Sulla presunzione di ripartizione fra i soci del maggior reddito occulto, veniva emanato conseguente avviso di accertamento in capo al socio NOME COGNOME, in proporzione alla quota di capitale sociale a lui intestata.
L’atto era avversato avanti il giudice di prossimità sull’assunto che il contribuente aveva ceduto le proprie quote il 28 febbraio 2015, in momento antecedente l’approvazione del bilancio 2014, quando i maggiori utili potevano essere stati reinvestiti; non aveva mai gestito l’attività sociale; era mero socio finanziatore; aveva rapporti conflittuali con l’altro socio.
I gradi di merito erano favorevoli al contribuente, sull’assunto principalmente che avesse ceduto le proprie quote prima dell’approvazione del bilancio relativo all’esercizio in cui i maggiori redditi sarebbero stati generati.
Avverso questa sentenza ricorre per cassazione l’RAGIONE_SOCIALE, con il patrocinio dell’Avvocatura generale dello Stato, affidandosi ad unico motivo di impugnazione, cui replica la parte contribuente con tempestivo controricorso, ulteriormente illustrato con memoria depositata in prossimità dell’adunanza.
CONSIDERATO
Viene proposto unico motivo di ricorso.
1.1. Con l’unico motivo si prospetta censura ai sensi dell’art. 360, primo comma, n. 3 del codice di procedura civile, per violazione degli
articoli 38, terzo comma, e 41 bis del d.P.R. n. 600/1973 e per falsa applicazione degli articoli 2433 e 2478 bis del codice civile.
Nella sostanza, si lamenta la sentenza sia errata perché ha negato l’operatività della presunzione di distribuzione extracontabile degli utili per la sola ragione che il socio aveva ceduto la quota sociale prima dell’approvazione del bilancio relativo agli utili de quibus, con ciò trascurando che la presunzione in esame riguarda utili: a) che la società ha omesso di contabilizzare e di dichiarare all’Erario; b) di cui si presume non la distribuzione formale all’esito del bilancio, ma l’appropriazione dirett a ed extracontabile da parte dei soci.
Devono essere preliminarmente esaminate le eccezioni di inammissibilità del ricorso opposte dalle difese di parte contribuente. Esse si sostanziano nella dichiarata per accertata assenza di complicità fra i soci, elemento necessario per operare la distribuzione di utili extracontabili, nonché nell’assoluta estraneità del contribuente COGNOME alle vicende societarie e tantomeno alla sua conduzione. Tali accertamenti sarebbero avvenuti in sede di primo grado e non impugnati in secondo.

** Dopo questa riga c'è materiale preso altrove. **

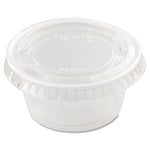 Portion/Souffle Cup Lids, Fits 1.5 oz to 2.5 oz Portion Cups, Plastic, Clear, 2,500/Carton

2.1. Le eccezioni non possono essere accolte. Per effetto devolutivo dell’appello , che ha contestato anche i profili di estraneità del ricorrente (cfr. stralci dell’appello erariale, riportati a pag. 8 e ss. del ricorso), la ratio decidendi della sentenza in scrutinio è data dalla mancata distribuzione degli utili 2014 prima dell’approvazione del bilancio, avvenuta in una data del 2015 successiva all’uscita del contribuente dalla compagine sociale.

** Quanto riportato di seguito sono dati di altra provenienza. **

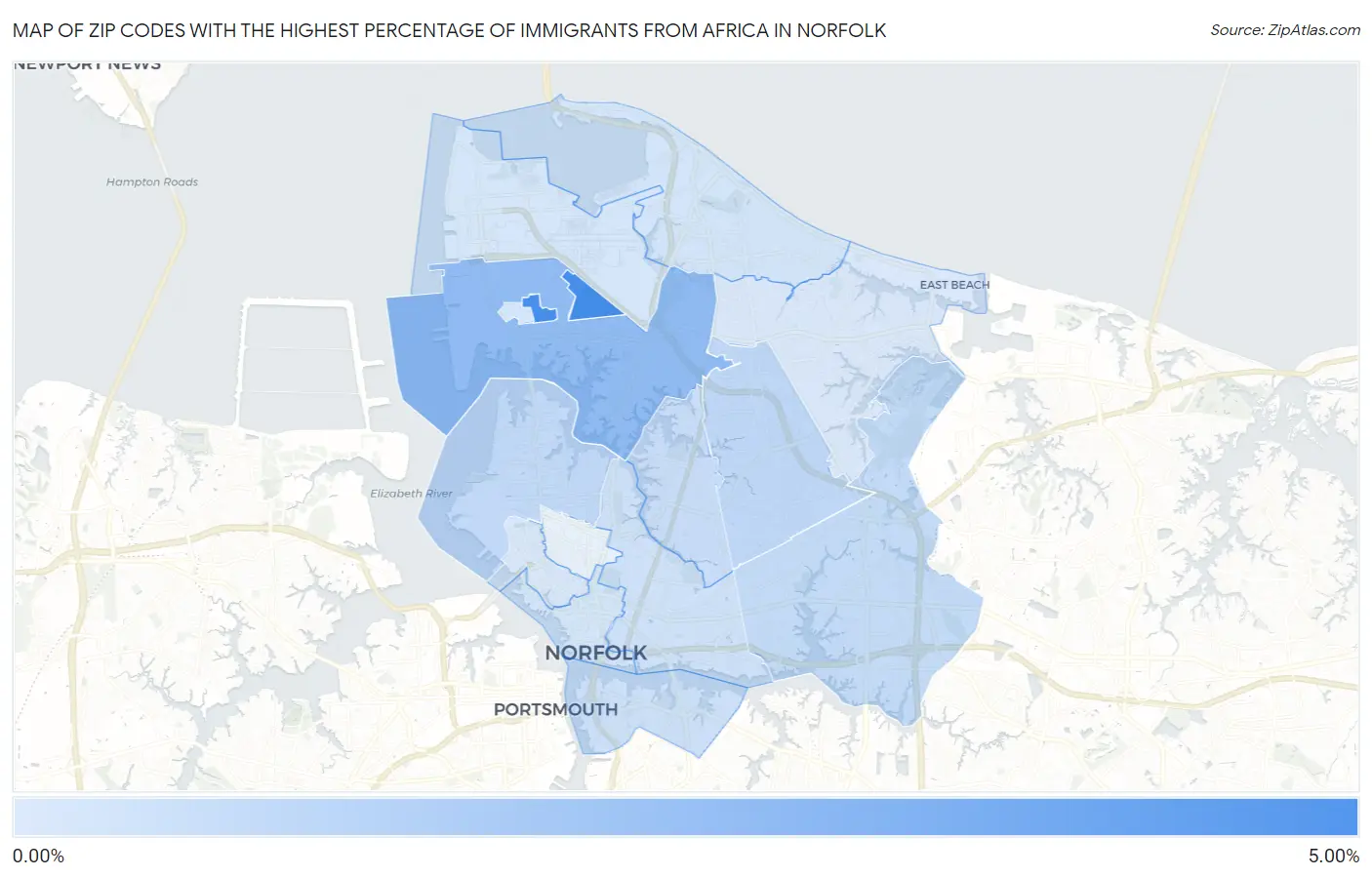 Zip Codes with the Highest Percentage of Immigrants from Africa in Norfolk Map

Ciò, secondo il Patrono erariale, contrasta con la struttura di presunzione di distribuzione del maggior utile accertato, che si regge sui due presupposti di comune esperienza: 1) gli stretti rapporti fra un numero ristretto di soci, con conoscenza reciproca dei fatti societari; 2) la ripartizione del maggior utile, fuori dalle regole di contabilità formali e sulla base di reciproco consenso e fiducia nella
distribuzione della ricchezza occulta. Su questa base, sarebbe irrilevante l’uscita dal libro soci del contribuente nel febbraio 2015.
L’affinamento giurisprudenziale degli ultimi tempi in tema di presunzione di distribuzione di maggior reddito richiede una breve ricostruzione dello sviluppo dell’istituto.

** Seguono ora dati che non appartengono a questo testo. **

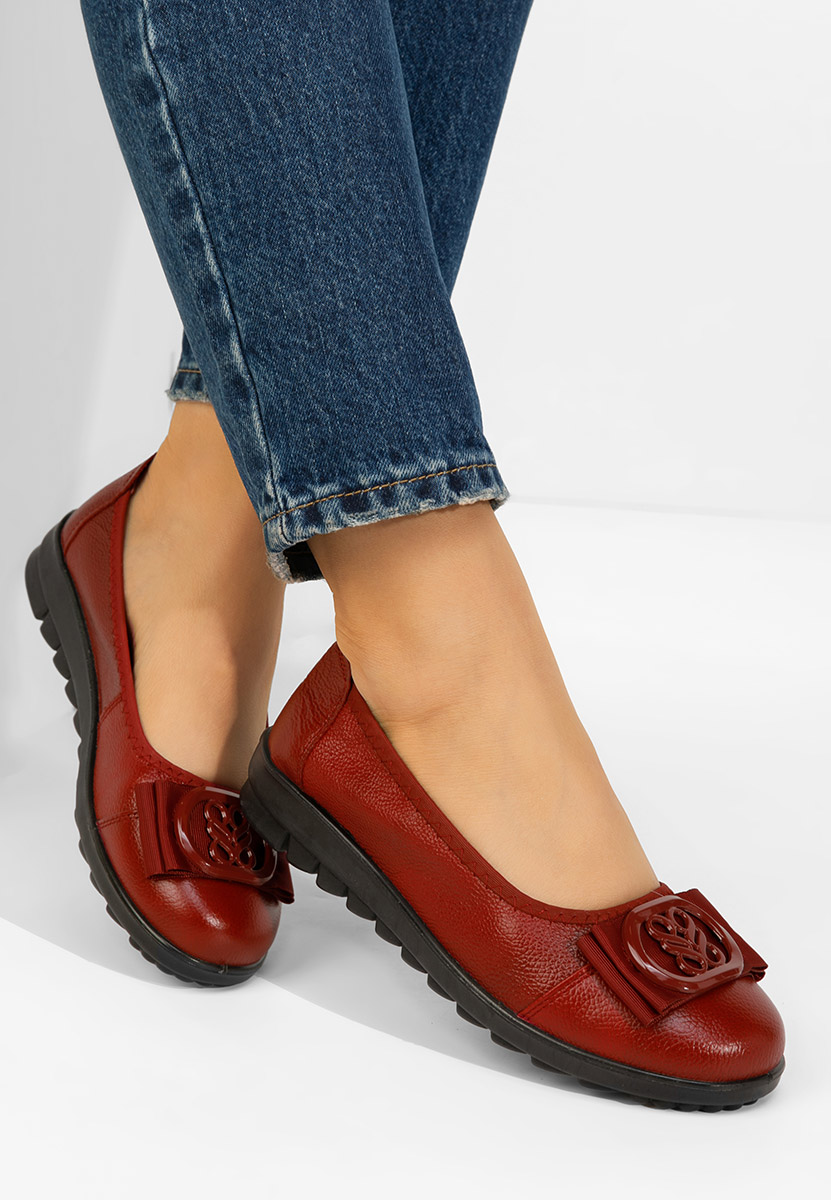 Balerinke od prirodne kože Demarisa vinsko crvena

3.1. Da tempo si è affermato che l’accertamento del maggior reddito nei confronti di società di capitali a ristretta base partecipativa legittima, anche nell’ipotesi di accertamento con adesione, la presunzione di distribuzione degli utili tra i soci, in quanto la stessa ha origine nella partecipazione e pertanto prescinde dalle modalità di accertamento, ferma restando la possibilità per i soci di fornire prova contraria rispetto alla pretesa dell’Amministrazione finanziaria dimostrando che i maggiori ricavi dell’ente sono stati accantonati o reinvestiti (cfr. Cass. V, n. 32959/2018; n. 24534/2017).
Con riguardo alla mancata delibera di approvazione del bilancio, è stato acquisto da tempo che in tema di accertamento RAGIONE_SOCIALE imposte sui redditi, nel caso di società a ristretta base familiare, è legittima la presunzione di distribuzione ai soci degli utili extracontabili, che, attesa la mancanza di una deliberazione ufficiale di approvazione del bilancio trattandosi di utili occulti, deve ritenersi avvenuta nello stesso periodo d’imposta in cui gli stessi sono stati conseguiti (cfr. Cass. V., n. 25468/2015).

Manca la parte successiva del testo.